El ron no es el alcohol obligatorio para las bebidas tiki. En Ace Eat Serve, en Denver, un cóctel popular es el Monte Fuji, que contiene jugo de limón fresco, orgeat, sake Nigori, ginebra con infusión de té verde y jugo de coco. El gerente del bar, Tristan Paulo, dice que los elementos más importantes de la bebida son las notas de frutas tropicales, los saborizantes especiados y la divertida presentación. “Las combinaciones de ingredientes inesperadas suelen ser lo que busco en una bebida tiki”, dice ella.

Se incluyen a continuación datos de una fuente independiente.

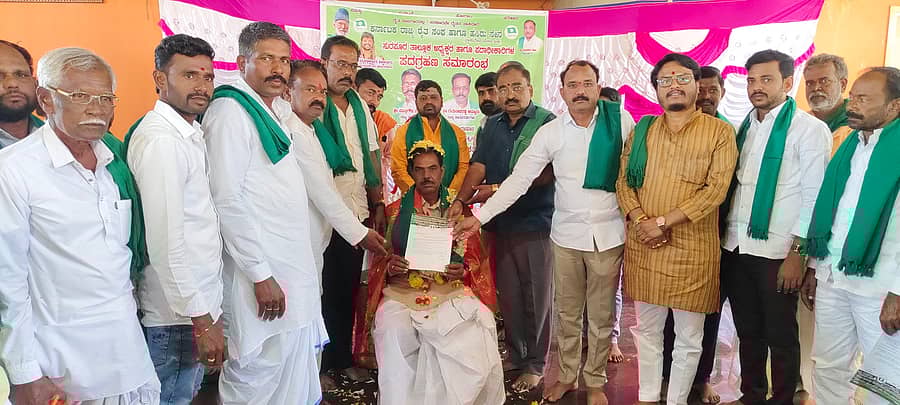 ಕರ್ನಾಟಕ ರಾಜ್ಯ ರೈತ ಸಂಘ ಹಾಗೂ ಹಸಿರು ಸೇನೆ (ವಾಸುದೇವ ಮೇಟಿ ಬಣ) ಸುರಪುರ ತಾಲ್ಲೂಕು ಘಟಕದ ಅಧ್ಯಕ್ಷರಾಗಿ ಮಲ್ಲಣ್ಣ ಸಾಹುಕಾರ ಜಾಲಿಬೆಂಚಿ ಪದಗ್ರಹಣ ಮಾಡಿದರು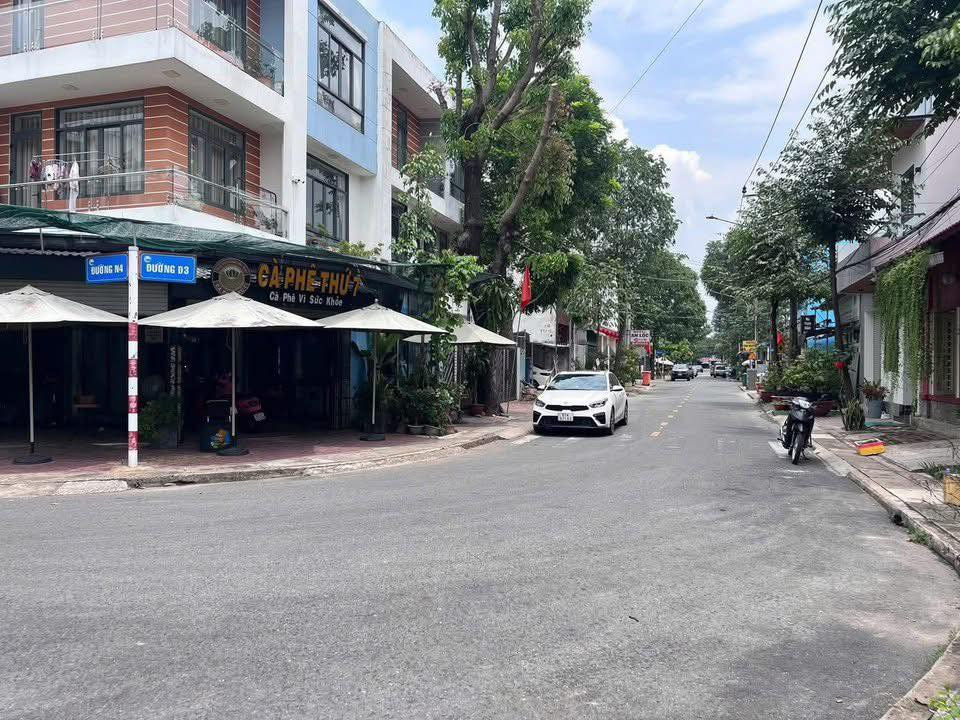 Bán nhà  K8 HIỆP THÀNH 88.1m² ngang 10m giá 6.5 tỷ Phường Phú Lợi 0815422197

La tendencia tiki se está extendiendo más allá de los bares temáticos de la isla y se está volviendo popular en otros establecimientos. Sonny's Hideaway en Los Ángeles agregó sus jueves de Tiki poco después de su apertura en 2013. El personal del bar crea sus propios cócteles tiki, y el menú cambia con frecuencia, con cinco o seis bebidas nuevas cada dos meses. “Estamos construyendo a partir de esos cócteles originales”, dice el barman John Paul Curtin. “Algunos son divertidos y kitsch, pero la mayoría se centran en ingredientes frescos, a veces usando bebidas espírituosas y licores que no encontrarás en las típicas bebidas tiki”.

Una bebida popular es la Wolf Moon, con ron 151, piña, Lima, orgeat y amargo de Angostura. Se sirve, no en hielo. Otra bebida popular es la New Curse, con ron Zaya, arbustos criollos, lima, orgeat, allspice dram y amargo tiki.

Duke McCaffrey, también barman, dice que el jueves de Tiki es siempre el día laborable más ocupado en Sonny's Hideaway. “A la gente le gusta ponerse el vestido floral o la camisa hawaiana, y se divierten haciéndolo una noche”, dice. “Vienen y se quedan más tiempo de lo que lo harían de otra manera y prueban algunos cócteles que no obtendrían en ningún otro lugar”.